Democratic fears that the FBI’s new review of Hillary Clinton’s emails might sap party enthusiasm at exactly the wrong time may turn out to be unfounded. In the three days since the news surfaced, early voting data and public polling suggest the rank and file are responding with a collective shrug.
Even amid blanket cable news coverage over the weekend, Democrats continued to add to solid leads in early voting in several key swing states. In Colorado over the weekend, Democrats stretched their early vote lead over Republicans to 31,000 votes, including a 1,500-vote net gain in Denver, the state’s most heavily Democratic turf. In Nevada, Democrats netted about 6,300 votes on Saturday and Sunday — stretching their overall lead on Republicans to about 34,000.
“If we’re looking to see some negative effects of the Comey letter, it’s just not there on the enthusiasm level of Democrats,” said Michael McDonald, an early voting expert who runs the U.S. Elections Project, speaking of the early vote in states like Nevada and North Carolina in an interview on Sunday, as the day’s returns were still rolling in. “They’ve still voted at the same levels they have in previous days. It doesn’t appear to have had a large negative effect.”
There was no sign of a let-up among North Carolina Democrats, who continued to close the gap with their 2012 performance, despite facing more restrictions on early voting this time.
“It was a big day for the Democrats, without a doubt,” McDonald said of Sunday results in North Carolina. “48.7 percent of people who voted were Democrats, 31.9 percent were African-American … they did make up some ground. There were 1,136 Democratic [votes] over their 2012 numbers” for that day.
Jon Ralston, a veteran Nevada political analyst, wrote Monday that the turnout figures closely match those in 2012 when Barack Obama won the state — and that there’s no indication that Clinton’s support is eroding.
Polls conducted after the FBI revelations suggested that the news would not influence most Democrats — and that those who might be influenced are unlikely to back Clinton anyway.

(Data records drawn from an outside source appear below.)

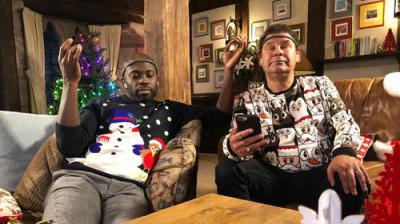 The Gadget Show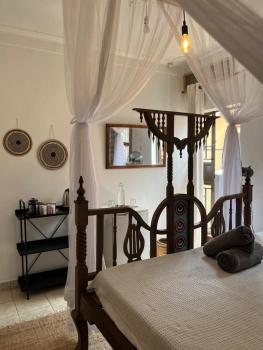 30 Wilson, Jinja (photo 2)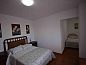 Guest house 25214104 • Holiday property Andalusia • Apartamentos Horno y Casa De Dulce  • 10 of 26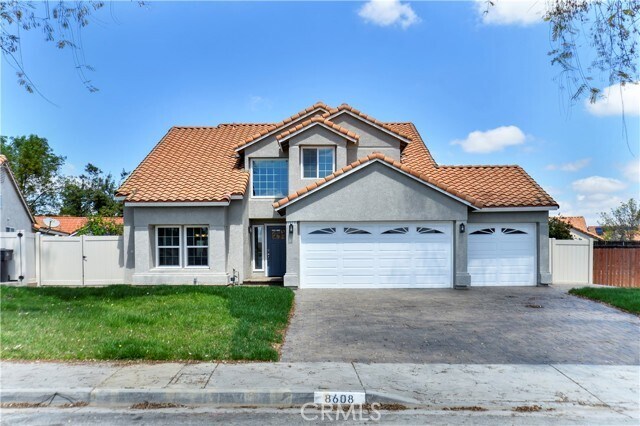 Photo - 8608 Oakthorn Cir House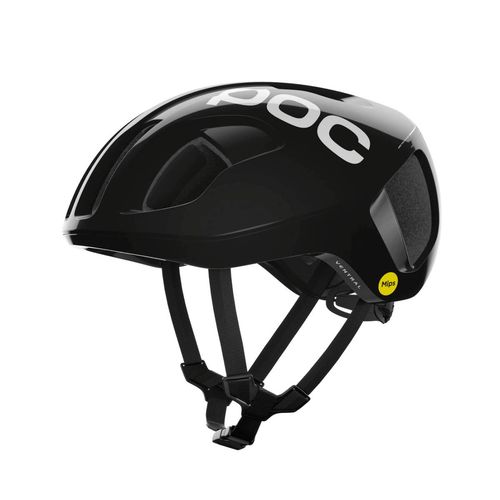 POC Ventral Mips Helm...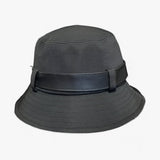 Farbe: Schwarz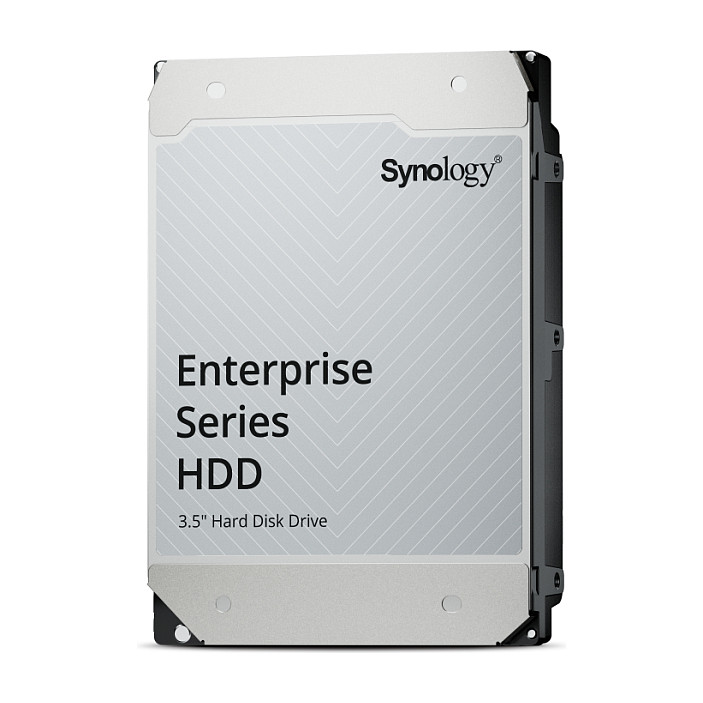 24TB Synology SAS HAS5320-24T 3.5IN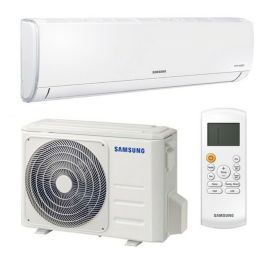 Aire Acondicionado Samsung FAR24ART Blanco A++ Precio: 1121.49999984. SKU: S0425908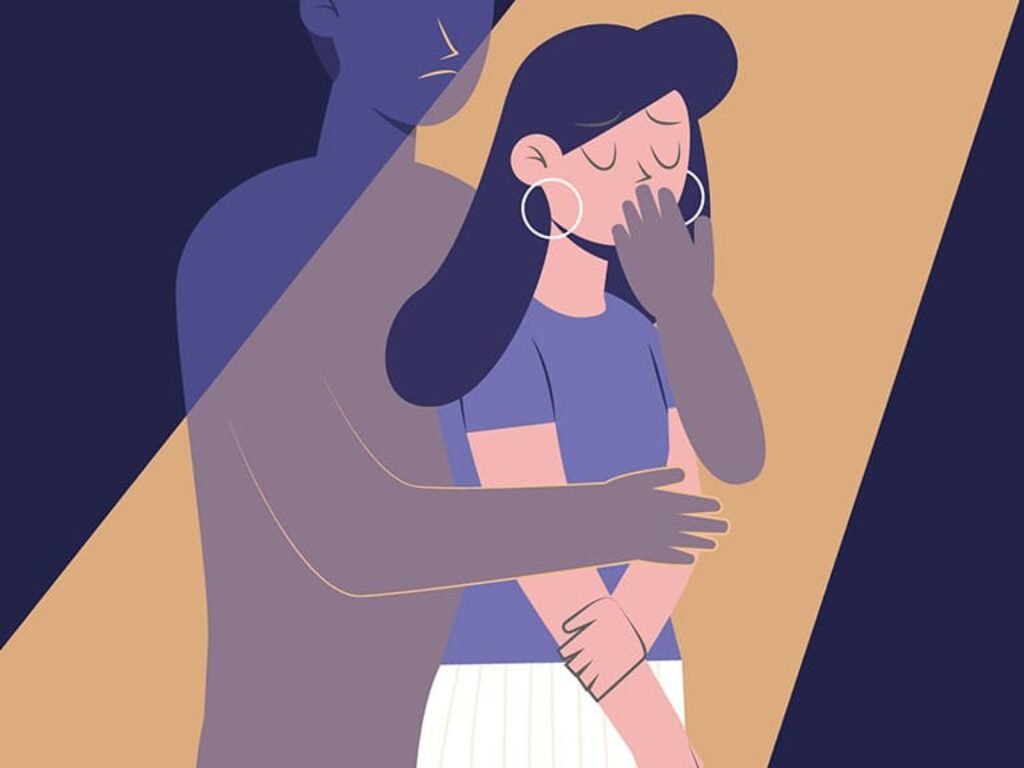 Ketika Suara PNS Terbungkam Toxicitas Lingkungan Kerja, Nyawa Seorang Guru di Pangandaran Melayang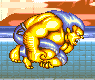 SSF2T Blanka Roll.png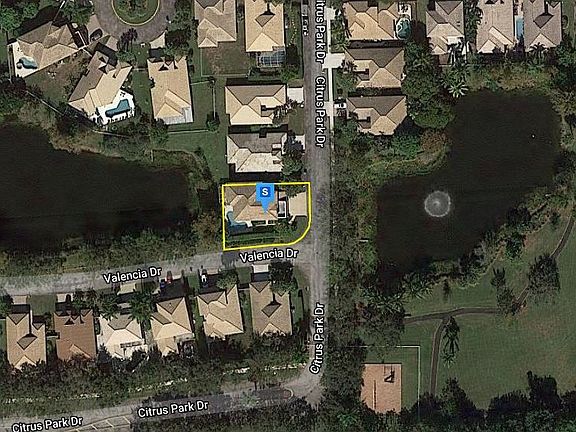 5th image of 41 Citrus Park Dr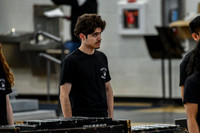 North Brunswick Percussion_250222_Millville-DJK00037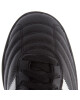 adidas Performance Обувки - Mera.bg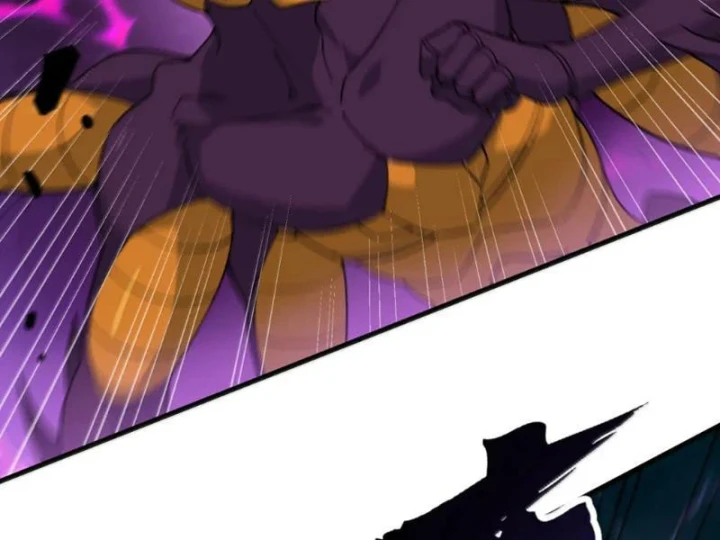 Thiên Đạo Này Cũng Không Ngốc Lắm Chapter 181 - 117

A new POLITICO/Morning Consult poll — conducted entirely after FBI Director James Comey announced the discovery of new emails that might pertain to the former secretary of state’s private server found that 83 percent of self-identified Democrats — said the news made no difference or made them more likely to vote for Clinton. Just 13 percent said it made them less likely.
“The truth is, if you’re predisposed to believe something is wrong, you already thought something was wrong,” said a North Carolina Democratic operative closely watching the early vote. “If you’re predisposed to think it doesn’t matter, then it doesn’t matter. The truth is, we have over a million-and-a-half folks who already voted prior to this. I just don’t think it matters, at the end of the day. It’s just more noise.”
A GOP operative working in several battleground states agreed. “Not seeing any meaningful impact.”
Still, Donald Trump’s allies were hopeful that Comey’s October surprise might push undecided Republicans off the fence and into the GOP nominee’s fold.
“I think Trump’s going to win. I think this is the last nail in the coffin.,” said Will Estrada, chairman of northern Virginia’s Loudoun County, a Washington suburb filled with college-educated voters who have resisted Trump. Estrada predicted the FBI news would give Republicans wary of Trump the last nudge they’d need to come back to the party.
Other Republicans, however, were less sanguine about the prospects of the FBI review altering the fundamentals of the race — especially not in the key swing states, where voters have already been bombarded with ads.
“I think at this late date, it would take more than a smoking gun. It would have to take the proverbial bullet … that ends political life, something so incredibly dramatic it would, in fact, eclipse the ‘Access Hollywood’ tapes,” said Brandon Scholz, a Republican operative based in Wisconsin, referring to the 2005 recording leaked earlier this month on which Trump can be heard bragging about sexual assault.
Patrick Murray, director of the Monmouth University Polling Institute, said that from the numbers he has seen, at best the revelations moved the race perhaps “1 or 2 points” — mostly in red states.
“In red states, Trump was running far behind the typical Republican already,” he said. Now, “it’s spurred a few to go out and say, ‘Yeah, I will vote’ … but when you look at places like Pennsylvania, or other places like North Carolina, for example, it doesn’t seem to be having as much of an impact there, and the reason being, those voters were already more tuned in to what is going on. Any of the swing states where the campaign has spent a lot of resources, people are paying close attention and…it doesn’t change what perceptions are about Hillary Clinton.”
Clinton herself dismissed the FBI review at an Ohio campaign event Monday.
“They apparently want to look at emails of one of my staffers. And by all means, they should look at them,” Clinton said, referring to reports that the FBI had uncovered email messages of her longtime aide Huma Abedin and plans to assess whether they are significant to its investigation of her use of a private email server. “And I am sure they will reach the same conclusion they did when they looked at my emails for the last year. There is no case here.”
“They said it wasn’t even a close call, and I think most people have decided a long time ago what they think about all of this,” she added.